[12/04/2010] News

ĢIntroducete il reato di "ecocidio" nella lista dei crimini contro la paceģ

FIRENZE. Aggiungere ai quattro "crimini contro la pace" finora previsti dall'ordinamento internazionale (genocidio, crimini contro l'umanità, crimini di guerra e crimini di aggressione) il reato di "ecocidio", in modo da far sì che sulle devastazioni immotivate di ecosistemi abbia competenza la Corte internazionale di giustizia (International criminal court - Icc). E' la proposta lanciata alle Nazioni unite venerdì scorso da un gruppo di opinione coordinato dall'avvocato Polly Higgins, esperto in cause ambientali e già promotrice dell'appello (novembre 2008) per la stesura di una "Dichiarazione universale dei diritti del pianeta" da realizzarsi sulla falsariga della Dichiarazione dei diritti dell'uomo.

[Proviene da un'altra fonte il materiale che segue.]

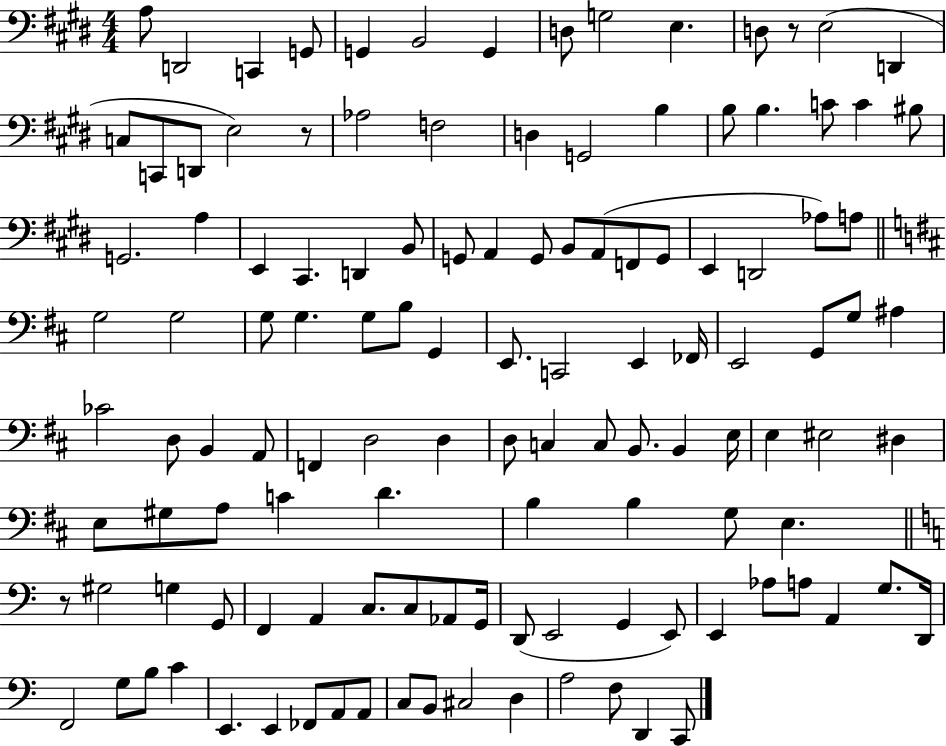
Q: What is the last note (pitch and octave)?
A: C2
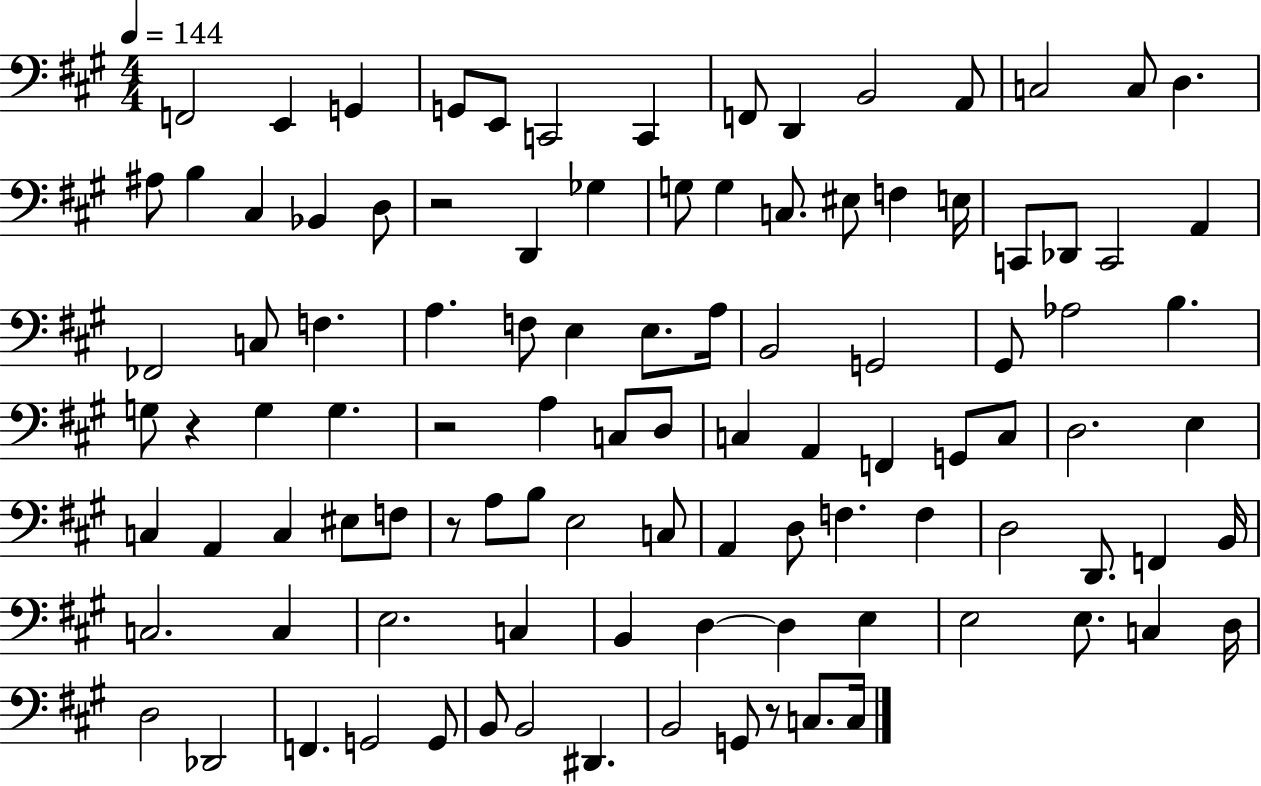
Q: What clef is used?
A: bass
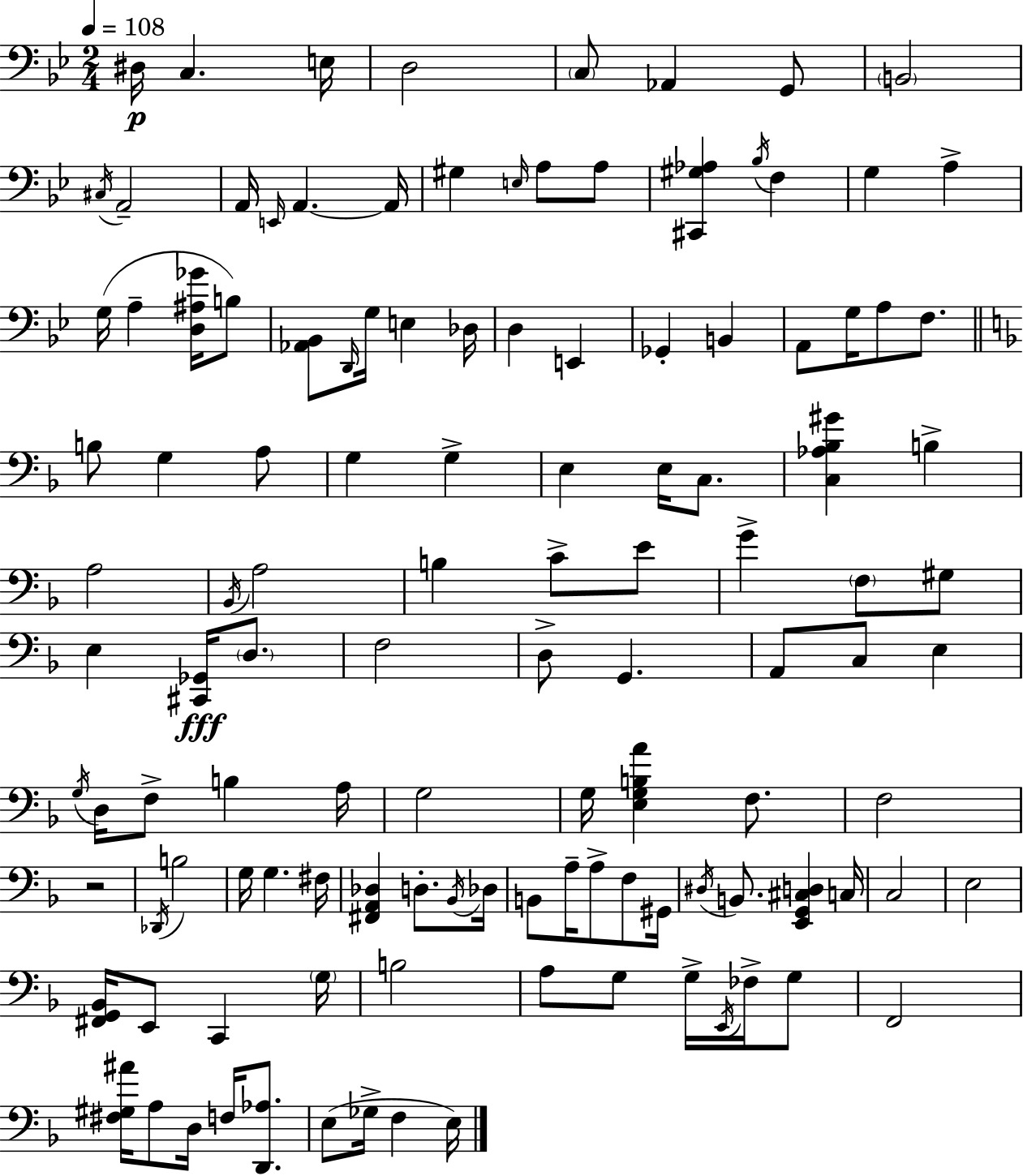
{
  \clef bass
  \numericTimeSignature
  \time 2/4
  \key bes \major
  \tempo 4 = 108
  dis16\p c4. e16 | d2 | \parenthesize c8 aes,4 g,8 | \parenthesize b,2 | \break \acciaccatura { cis16 } a,2-- | a,16 \grace { e,16 } a,4.~~ | a,16 gis4 \grace { e16 } a8 | a8 <cis, gis aes>4 \acciaccatura { bes16 } | \break f4 g4 | a4-> g16( a4-- | <d ais ges'>16 b8) <aes, bes,>8 \grace { d,16 } g16 | e4 des16 d4 | \break e,4 ges,4-. | b,4 a,8 g16 | a8 f8. \bar "||" \break \key f \major b8 g4 a8 | g4 g4-> | e4 e16 c8. | <c aes bes gis'>4 b4-> | \break a2 | \acciaccatura { bes,16 } a2 | b4 c'8-> e'8 | g'4-> \parenthesize f8 gis8 | \break e4 <cis, ges,>16\fff \parenthesize d8. | f2 | d8-> g,4. | a,8 c8 e4 | \break \acciaccatura { g16 } d16 f8-> b4 | a16 g2 | g16 <e g b a'>4 f8. | f2 | \break r2 | \acciaccatura { des,16 } b2 | g16 g4. | fis16 <fis, a, des>4 d8.-. | \break \acciaccatura { bes,16 } des16 b,8 a16-- a8-> | f8 gis,16 \acciaccatura { dis16 } b,8. | <e, g, cis d>4 c16 c2 | e2 | \break <fis, g, bes,>16 e,8 | c,4 \parenthesize g16 b2 | a8 g8 | g16-> \acciaccatura { e,16 } fes16-> g8 f,2 | \break <fis gis ais'>16 a8 | d16 f16 <d, aes>8. e8( | ges16-> f4 e16) \bar "|."
}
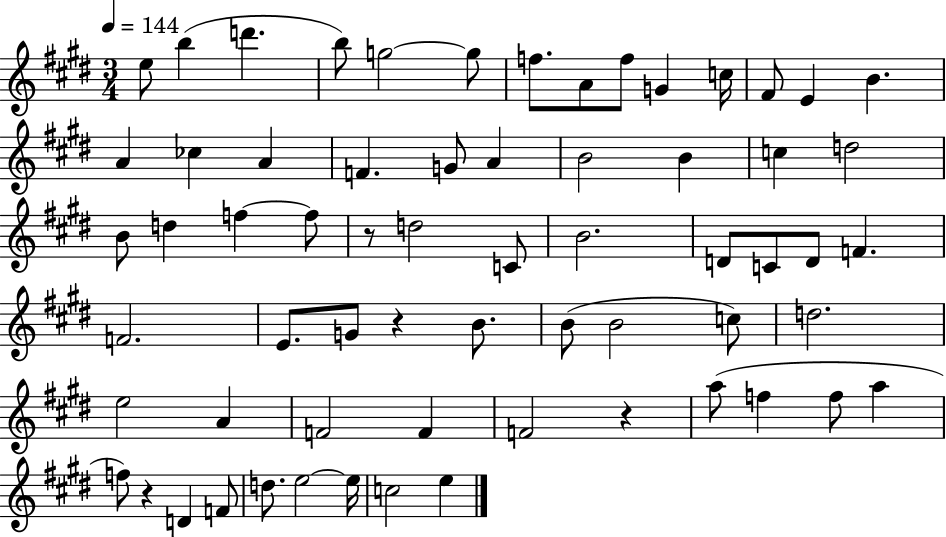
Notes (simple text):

E5/e B5/q D6/q. B5/e G5/h G5/e F5/e. A4/e F5/e G4/q C5/s F#4/e E4/q B4/q. A4/q CES5/q A4/q F4/q. G4/e A4/q B4/h B4/q C5/q D5/h B4/e D5/q F5/q F5/e R/e D5/h C4/e B4/h. D4/e C4/e D4/e F4/q. F4/h. E4/e. G4/e R/q B4/e. B4/e B4/h C5/e D5/h. E5/h A4/q F4/h F4/q F4/h R/q A5/e F5/q F5/e A5/q F5/e R/q D4/q F4/e D5/e. E5/h E5/s C5/h E5/q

L'espressione "ecocidio" non è nuova, visto che già nel 1992 un libro di Jeremy Rifkin la proponeva come titolo. Nuova è però l'ipotesi di introdurla esplicitamente nell'ordinamento internazionale, ipotesi che, almeno secondo le intenzioni dei promotori riportate dal quotidiano inglese "Guardian", «potrebbe anche essere usata per perseguire i "negazionisti del clima" che distorcono scienza e dati di fatto per scoraggiare gli elettori e i politici dall'agire per contrastare il global warming e i cambiamenti climatici».

Secondo Higgins, «l'ecocidio è in sostanza l'antitesi della vita: esso porta all'impoverimento delle risorse, e dove c'è un'escalation dell'impoverimento delle risorse, subito dopo segue la guerra. E dove certe devastazioni derivano dall'azione umana, l'ecocidio può essere visto come un crimine contro la pace». La nuova definizione che i dizionari dovrebbero offrire del termine, secondo l'avvocato inglese, sarebbe «la distruzione estensiva, il danneggiamento (o la perdita) degli ecosistemi di un dato territorio, nel caso in cui - per l'intenzionalità umana o per altre cause - è stata significativamente diminuita la possibilità di pacifico godimento del territorio in questione per gli abitanti».

La proposta sarà ora analizzata dalla Commissione giurisprudenza delle Nazioni unite, mentre un voto a riguardo dell'assemblea plenaria (in cui sarà necessaria, per l'approvazione della proposta, una maggioranza dei 2/3 dei 197 paesi votanti) è previsto per il 2012. Il principale elemento di innovazione che sarebbe annesso all'instaurazione di una "ecocide law" riguarda il fatto che le azioni giudiziarie per crimini ambientali potrebbero essere condotte verso i singoli amministratori delle compagnie, e non più, come oggi avviene comunemente, contro le persone giuridiche nella loro globalità. Di conseguenza, sottolinea il Guardian, «le imprese energetiche tradizionali potrebbero doversi evolvere in "imprese per l'energia pulita", molte miniere dovrebbero essere chiuse o ridimensionate, le produzioni chimiche che contaminano il suolo e l'acqua e uccidono la wildlife dovrebbero essere abbandonate, e la deforestazione su larga scala non sarebbe più possibile». Ma le conseguenze sono ancora tutte da immaginare, come ammette la stessa Higgins affermando di stare «appena iniziando a capire quale enorme cambiamento si potrebbe avere».

Vedremo il seguito che avrà l'iniziativa, che va nella stessa direzione di altre attuate anche da parte di paesi in via di sviluppo, come la Bolivia, per una maggiore irregimentazione giurisprudenziale delle azioni da compiersi contro quelle imprese che attuano prelievi dal capitale naturale ad un tasso - o con modalità - insostenibili. Certo, dalla formulazione riportata nell'intervista al Guardian emerge, riguardo alla proposta della Higgins, un certo radicalismo, che fa dubitare che l'idea giungerà - con questa formulazione, appunto - a trasformarsi in una normativa concreta. Inoltre, ciò che appare rendere per certi versi illusoria (o perlomeno prematura) l'ipotesi è il fatto che tuttora non sussiste, a livello globale così come su scala nazionale italiana, una vera e propria classificazione dei flussi di energia e soprattutto di quelli di materia che costituiscono il metabolismo del sistema economico: se, quindi, ancora non è stata stabilita (a parte alcune eccezioni, in primo luogo - almeno per quanto riguarda le emissioni "alla foce" - la gestione del ciclo del carbonio) una "soglia di sostenibilità" dei prelievi da attuarsi in termini di commodities energetiche e materiali, come sarebbe possibile definire le sanzioni per la non ottemperanza a criteri che sono ancora lontani dall'essere definiti su scala sovranazionale?